When you sign a cell phone contract, you might not read it over. You’re missing out on one of the most oppressive practices in business. Simply, binding arbitration means you waive your right to a trial by jury, and thereby relegate your claim to an arbitration hearing between you and the company. This removes the rights of consumers to band together and file class action lawsuits.
The first problem with binding arbitration is its very process. The company in question hires an arbitration board to hear the case. Now, say that line again in your head: The company in question hires an arbitration board to hear the case. Clearly, there are some conflicting interests there. How can an arbitration board, whose very salary is paid by the company, rule in favor of the consumer? If they did that on a frequent basis, they wouldn’t be rehired by the company. And you know what they say: Your best customer is a repeat customer.
Second, it allows corporations to flex their legal muscles against a single consumer, rather than a band of consumers. People are simply not as strong as corporations. They don’t have the legal expertise nor the capital to fight a claim tooth and nail. At some point, it isn’t worth it. So companies wind up bullying their opponents in arbitration.
The proof is in the results. According to one study, companies win 95 percent of arbitration cases. Another has the number at 96 percent. So in the end, consumers get screwed by these clauses — though Roger Haydock, managing director of Arbitration Forum, thinks that the same results would come from litigation:
“Every published study and all empirical data indicate consumers prevail at a rate that is greater than or equal to litigation, where similar subject matter is at issue. Evaluating arbitration outcomes is only meaningful in comparison with court outcomes of similar cases.”
If this sounds a bit disingenuous, it is. In 2006, class action settlements were up 37 percent, despite a lower number of filings. Also, you’ll have to look at Haydock’s definition of “prevail,” since most class actions settle before a judgment is made.

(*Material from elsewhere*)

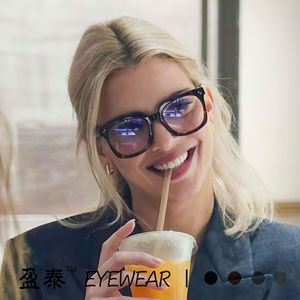 <b>Sunglasses</b> Square Frame UV400 PC Material <b>Black</b> <b>Heart</b> Shape Women's Fashion Street Style - Product Image 1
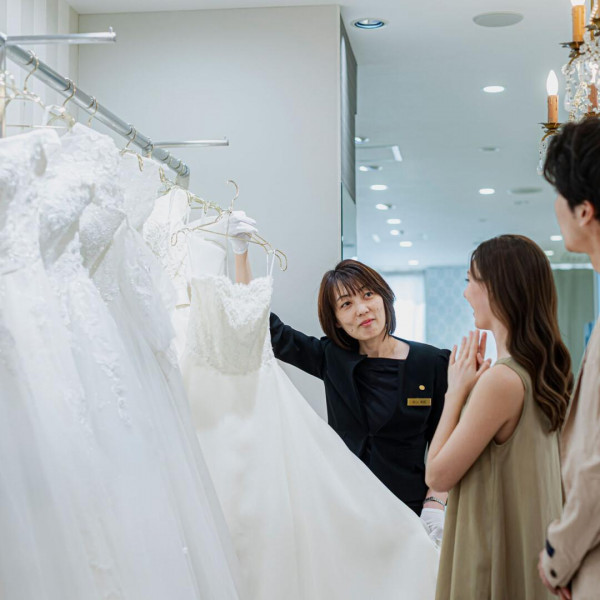 ドレススタイリストがいるから安心の衣装選び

Ah, yes, the ruling. The Supreme Court upheld a federal court ruling that state arbitration laws can preempt federal arbitration laws. This means that in states with favorable consumer laws — e.g., California — you might not be bound by the arbitration clause in your contract. Hopefully, we can get all states to operate in this manner. No longer should we be forced to throw away our Constitutional right to a trial by a jury of our peers.